Constantine and the Council of Nicaea Did Not Decide Which Books Should Be in the New Testament Canon

Reading Time: 6 minutes

There is perhaps no more maligned and misrepresented event in the history of the church than the Council of Nicaea. Many wild theories fly about the internet about this council creating the doctrine of the Trinity or declaring Jesus to be divine for the very first time. The one I find to be most egregious is probably the assertion that it was here that the New Testament canon was decided upon and created.

The story generally goes like this: Constantine called together the Council of Nicaea in 325 to firmly establish his rule and to bring Christianity into conformity. Along with decreeing that Jesus should now be considered God, he also determined what books should be included in the canon to support this new theology. Alternatively, the council was a gathering of powerful bishops foisting the books they wanted upon the church to support their theology, while suppressing all the rest. In other words, the canon of the New Testament is entirely arbitrary and could have looked completely different. The problem with this idea is that it is completely fictional; about the only truth is that Constantine did call the Council of Nicaea.

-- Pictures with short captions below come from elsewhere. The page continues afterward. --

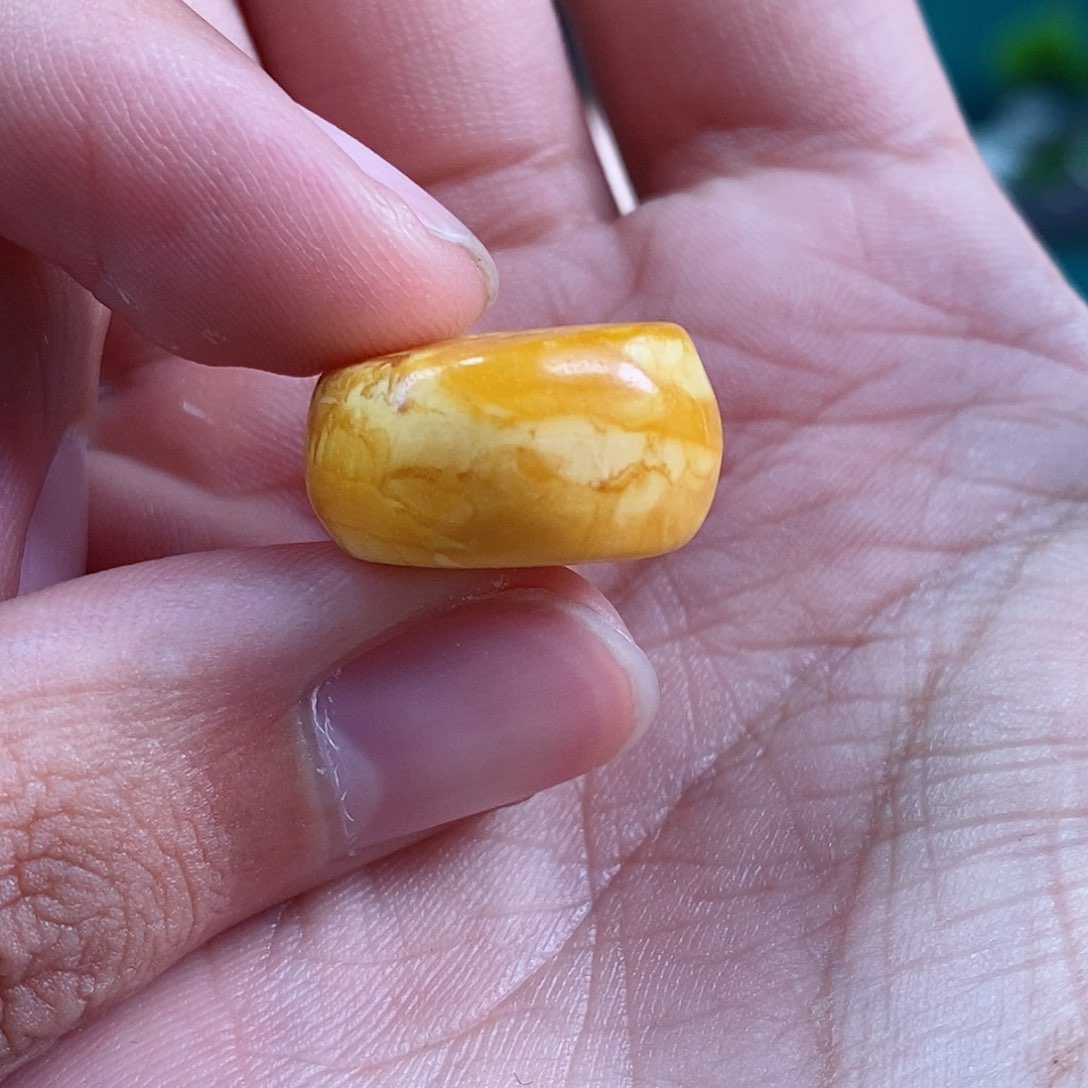 蜜蜡珠宝奇石未镶嵌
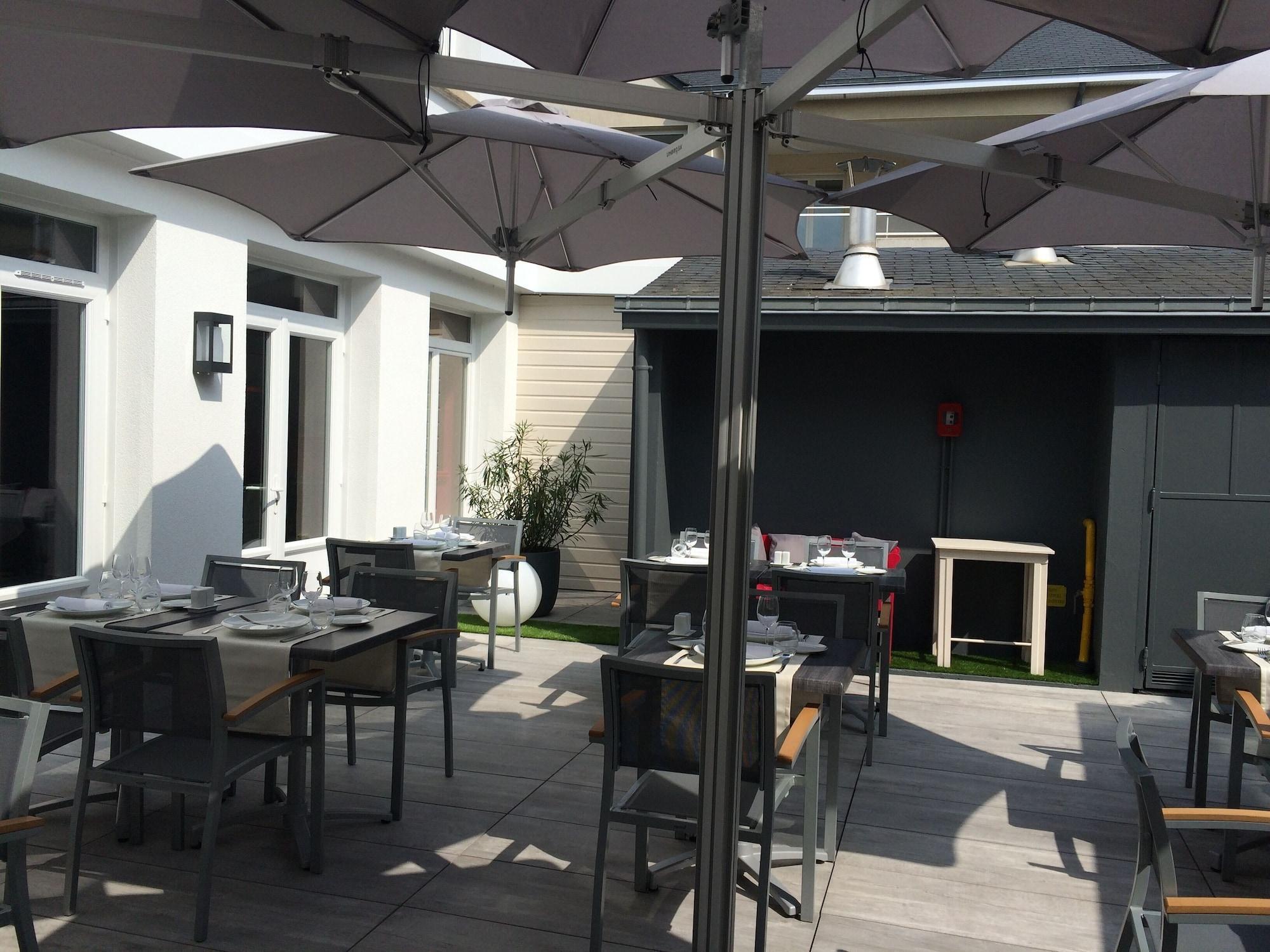 Logis Hotel A La Bonne Auberge Laval  Bagian luar foto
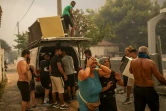 Des habitants de Panteli,  banlieue nord-est d'Athènes (Grèce), tentent de sauver des affaires avant l'arrivée des flammes, le 12 août 2024 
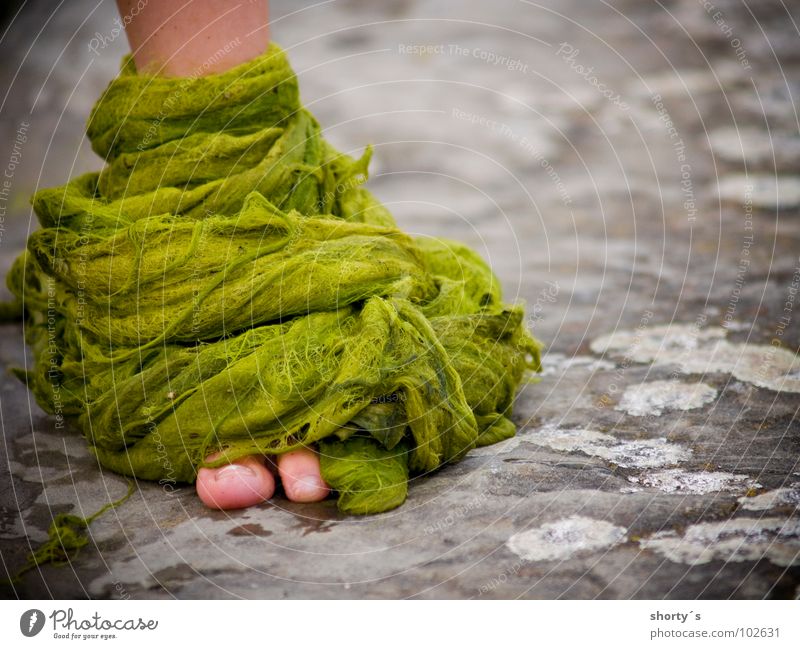 hulk junior grün Algen groß Monster Fuß foot Bodenbelag ground child Einsamkeit alone big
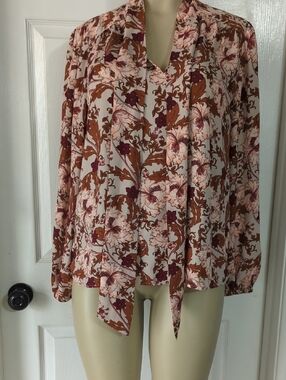 Ann Taylor Floral Tie-Neck Blouse in Blush, Rust and Berry Pit To Pit 21 Inch
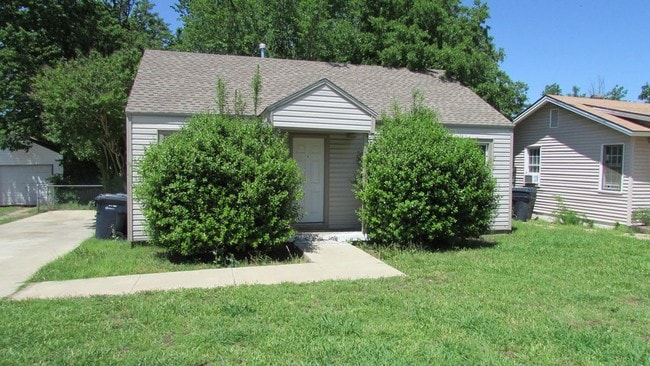 Primary Photo - 1329 NW 95th St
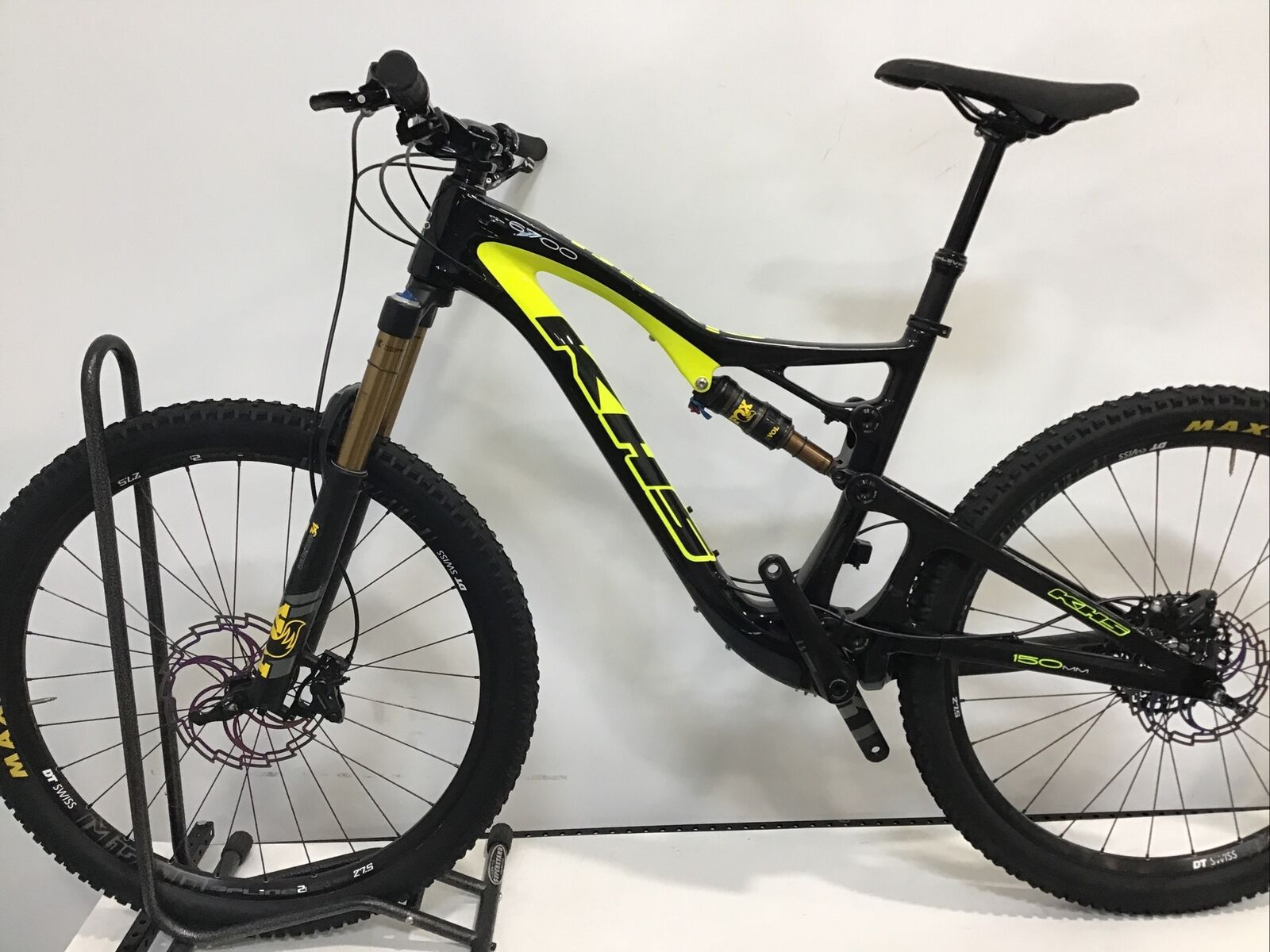 2017 KHS SixFifty 6700 Mountain Bike Medium 27.5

What makes this claim even more fictional is that it was popularized by a work of fiction: Dan Brown’s The Da Vinci Code. It can be found coming from the mouth of the fictional character, Sir Leigh Teabing:

‘The Bible is a product of man, my dear. Not of God. The Bible did not fall magically from the clouds. Man created it as a historical record of tumultuous times, and it has evolved through countless translations, additions and revisions. History has never had a definitive version of the book… More than eighty gospels were considered for the New Testament, and yet only a relative few were chosen for inclusion — Matthew, Mark, Luke and John among them.’
‘Who chose which gospels to include?’ Sophie asked.
‘Aha!’ Teabing burst in with enthusiasm. ‘The fundamental irony of Christianity! The Bible, as we know it today, was collated by the pagan Roman emperor Constantine the Great.’[1]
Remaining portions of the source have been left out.